3. Constrained EI (cEI) acquisition function + natural extension to constraints/preferences: A unified framework for three settings

Each sub-problem is solved using constrained EI, where the acquisition function \(\alpha(\mathbf{x}) = \text{EI}(\mathbf{x}) \times \text{PoF}(\mathbf{x})\) balances improvement and feasibility. Improvement is \(\text{EI} = \mathbb{E}[\max(0, f_k(\mathbf{x}) + s \sum_{j \ne k} f_j(\mathbf{x}) - f_k^* - s \sum_{j \ne k} f_j^*)]\), and the Probability of Feasibility \(\text{PoF}(\mathbf{x}) = \prod_{j \ne k} \Pr(f_j(\mathbf{x}) \ge \widehat{\mathbf{Y}}_{c,j})\) is analytically computable under the independent GP assumption. This framework easily handles other settings: hard constraints \(g_l(\mathbf{x}) \ge 0\) are multiplied into the PoF; user preference ROIs \([a_i, b_i]\) are treated as candidate constraint sets written in OR form—lower bounds provide a safety net when the ROI is too aggressive, and upper bounds drive the search when the ROI is conservative.

Loss & Training¶

STAGE-BO does not involve neural network training. Key hyperparameters include the internal NSGA-II settings (default) and the scalarization coefficient \(s \approx 10^{-3}\). Query points are determined by cEI optimization without HV computation.

Key Experimental Results¶

Main Results¶

The authors compared 8 SOTAs across 6 unconstrained, 4 constrained, and 4 preference benchmarks, along with a real-world hyperparameter optimization task for DP-SGD (privacy-utility).

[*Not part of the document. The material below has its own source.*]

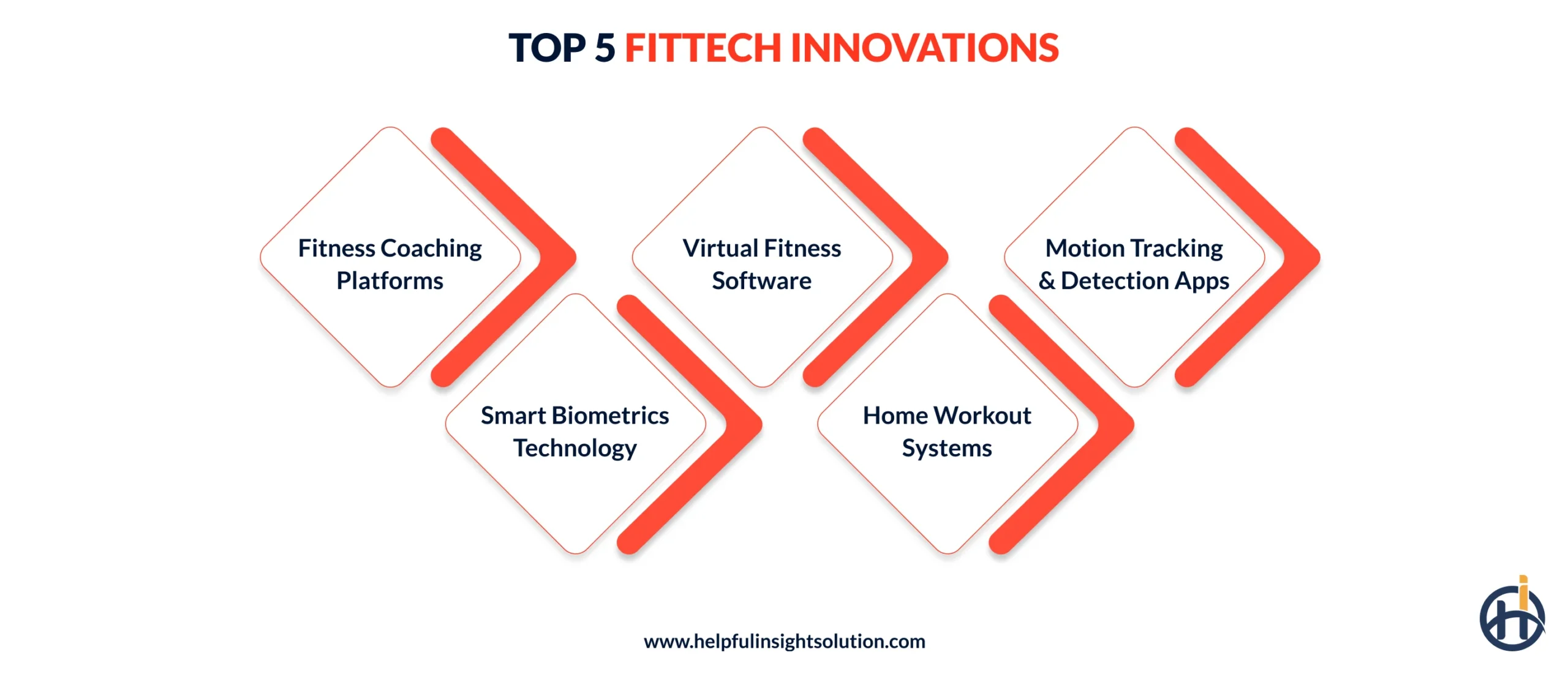 Top 5 FitTech Innovations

Benchmark Type	Representative Task	Metric	STAGE-BO vs Strongest Baseline
Unconstrained (Synthetic)	ZDT1 (\(d=10, m=2\))	IGD	~1 order of magnitude lower than qEHVI; HV comparable to qEHVI
Unconstrained (High-dim)	DTLZ7 (\(d=6, m=5\), disc. front)	IGD / HV	Significant lead in IGD; HV comparable to JESMO/MOBO-OSD; qEHVI failed to scale
Unconstrained (Eng.)	Water resource planning (\(d=3, m=6\))	IGD	Stable convergence at \(m=6\); HV-only methods computation exploded
Constrained	MW7 / Disc brake / CONSTR	IGD	Consistently outperforms qEHVI, qParEGO, qPOTS, COMBOO
Preference ROI	ZDT3, DTLZ2, VehicleSafety	HV & IGD	HV and IGD within ROI superior to TS-TCH
Real-world	DP-SGD on Dutch (\(d=5, m=2\))	HV	Highest HV throughout, demonstrating utility in privacy-utility trade-offs

Ablation Study¶

Configuration	Key Observation	Description
Full STAGE-BO	Best IGD/HV	Complete version: Thompson Sampling + FD + cEI
Posterior mean instead of TS	Significant performance drop	Posterior mean is over-greedy, suppressing exploration
Disabling clipping	Comparable on most tasks	Primarily serves as a numerical stabilizer
Changing main objective strategy	Almost no impact	Framework is insensitive to the exact round-robin strategy
Different constrained BO AF	Still effective	Decomposition framework is not strictly dependent on cEI

Key Findings¶

IGD improvements stem from "explicitly finding holes" rather than stronger surrogate models—aligning with theoretical analysis of HV bias where HV-based methods under-sample flat regions.
For \(m \ge 4\), HV-based methods (especially qEHVI) become impractical due to computation; STAGE-BO scales nearly linearly with \(m\).
In preference settings, the "upper/lower bound OR constraint" design is critical: lower bounds provide a fallback if the ROI is outside the true front, while upper bounds drive search if the ROI is too conservative.

Highlights & Insights¶

Successfully brings the ε-constraint method from classical MOO textbooks back to MOBO, solving the 50-year-old problem of "how to choose \(\varepsilon\)" using fill distance. This is an elegant combination of a "classic theoretical idea" and "modern uncertainty metrics."
Avoiding HV calculation becomes a dual advantage: it circumvents the curse of dimensionality for high \(m\) and bypasses geometric bias. The perspective of "doing less to gain more" is valuable for future algorithm design.
The unified framework for unconstrained, constrained, and preference settings is highly efficient, allowing for easy reuse across any cEI-compatible constrained BO framework.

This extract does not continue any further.